In regression and ANOVA, an interaction occurs when the effect of one independent variable on the dependent variable is different at different levels of another independent variable. When one or both of the independent variables is categorical, then two common strategies for dealing with interactions are stratifying and adding an interaction term. A somewhat less common method is classification and regression trees. Each has its advantages and disadvantages.
For example, suppose you are trying to explain voting behavior in the presidential election of 2012 and you have (among other things) data on
1) Who a person voted for (Obama, McCain, other, no one)
2) Their income (in dollars)
3) Their level of education (less than high school, high school, some college, college degree, some graduate school).
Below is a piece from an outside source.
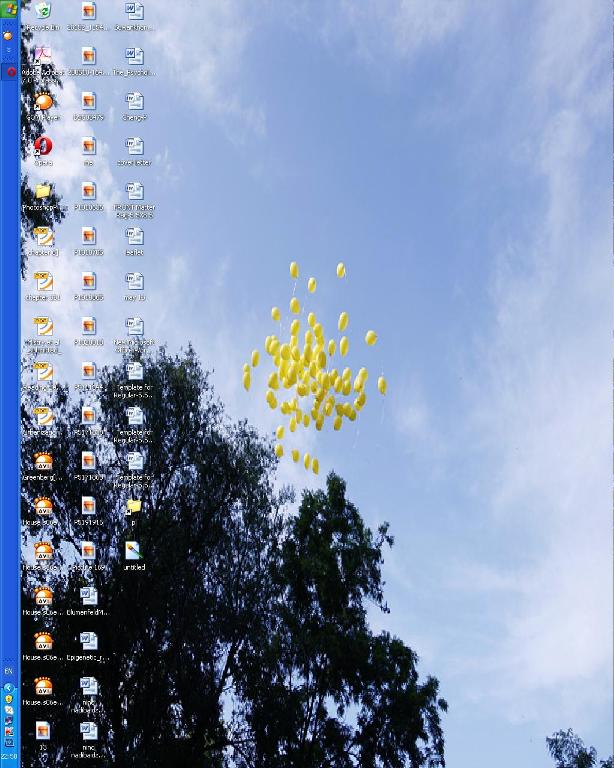 aaaaaaaaaaaaa.JPG
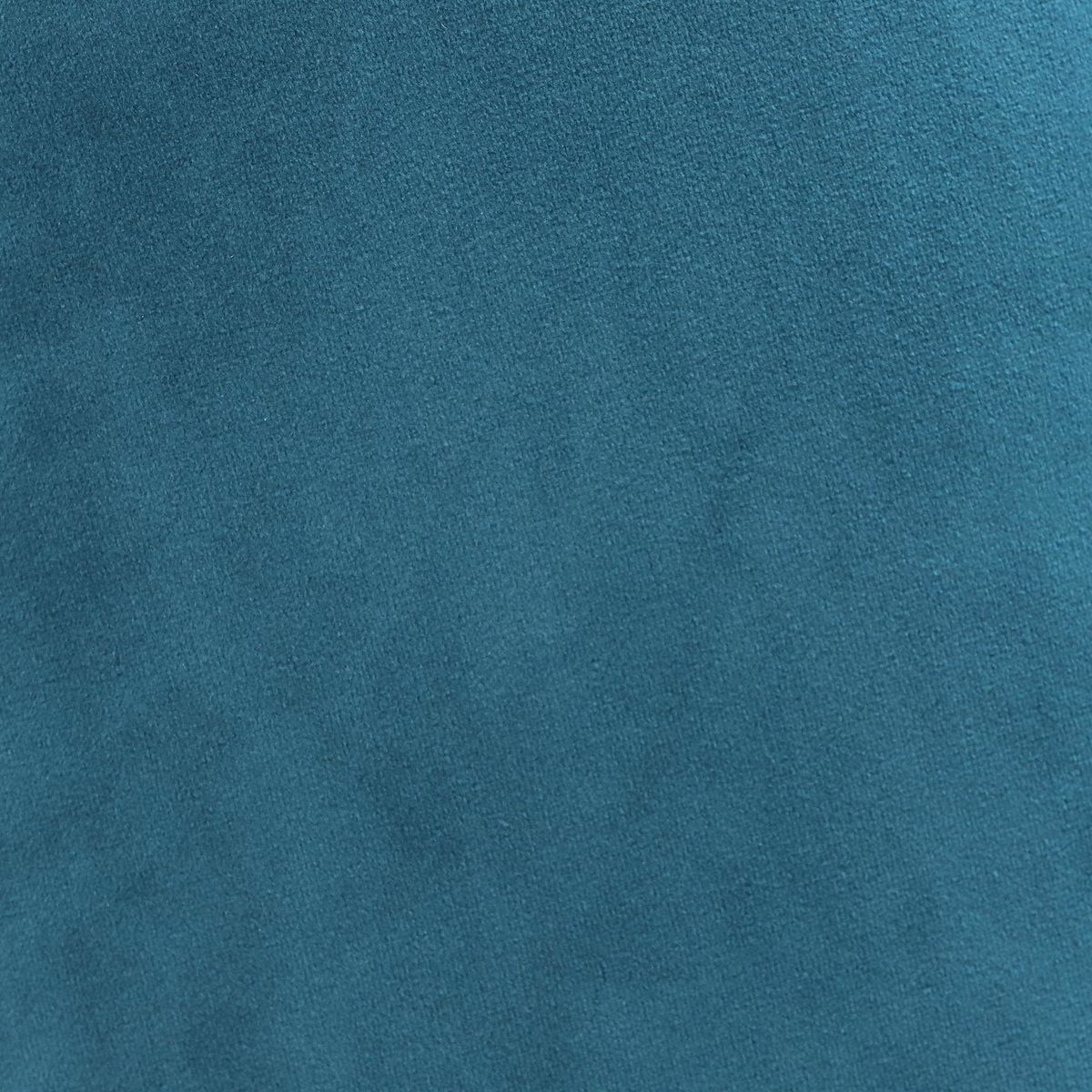 Azalea Right Hand Facing Corner Sofa – image 8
You suspect that education and income may interact: That is, you think that the effect of education on voting behavior is different among the wealthy, the middle class and the poor. Put another way, you suspect that the effect of income on voting behavior is different at different levels of education. How could you investigate this?
Since the dependent variable is categorical, with more than two categories that have no order, you probably want multinomial logistic regression (but see below). But how to deal with the interaction: You could stratify or you could add an interaction term. In stratification, you separate the data and run multiple models; here, you could run a regression for each level of education. Adding an interaction term is nearly always done by multiplying the two variables. In this case you would multiply the continuous variable income by the dummy codes for education.
Stratifying has the advantage of being easier to understand. The output for the model for people with, e.g., a high school education indicates the relationship between income and voting for high school graduates. It has the disadvantage of 1) Producing a lot of output (one regression for each stratum) and 2) Not providing estimates, p values or confidence intervals for the interaction. Adding an interaction term has the advantage of producing a single output with all terms evaluated, but the disadvantage of having many parameters to estimate (4 additional terms, in our example) and being harder to understand (understanding the parameter estimates for interaction terms is often confusing).
Another choice is a tree. In tree models, all the subjects (here, people) start out together. Then the computer finds the best way to split them into different types of voters (e.g. perhaps it splits “people with over $50,000 income” from those with less). These become new nodes and each is split again. Trees have the advantage of being able to find types of interactions that are hard to find with regression (particularly when there are many variables) and of producing a graphical output that is easy to understand. They have the disadvantage of being unfamiliar and of not producing the familiar parameter estimates. In addition, they may be unstable if the sample size is not large.
Which should you choose? That depends on your situation, but you might choose more than one!